● Records supplied:
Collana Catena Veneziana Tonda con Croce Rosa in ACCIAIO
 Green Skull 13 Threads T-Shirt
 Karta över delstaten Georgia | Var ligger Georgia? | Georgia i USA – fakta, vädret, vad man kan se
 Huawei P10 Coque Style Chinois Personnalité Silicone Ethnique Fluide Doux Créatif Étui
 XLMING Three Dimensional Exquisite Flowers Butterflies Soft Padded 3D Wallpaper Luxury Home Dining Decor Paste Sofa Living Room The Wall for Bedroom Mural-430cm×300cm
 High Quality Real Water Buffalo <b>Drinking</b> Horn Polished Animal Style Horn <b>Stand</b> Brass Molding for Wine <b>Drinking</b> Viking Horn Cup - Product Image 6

● What you need to do: Would you please copy the lines above, from the one holding "Karta över delstaten" through the last, and nothing else?

● Solution to this task:
 Karta över delstaten Georgia | Var ligger Georgia? | Georgia i USA – fakta, vädret, vad man kan se
 Huawei P10 Coque Style Chinois Personnalité Silicone Ethnique Fluide Doux Créatif Étui
 XLMING Three Dimensional Exquisite Flowers Butterflies Soft Padded 3D Wallpaper Luxury Home Dining Decor Paste Sofa Living Room The Wall for Bedroom Mural-430cm×300cm
 High Quality Real Water Buffalo <b>Drinking</b> Horn Polished Animal Style Horn <b>Stand</b> Brass Molding for Wine <b>Drinking</b> Viking Horn Cup - Product Image 6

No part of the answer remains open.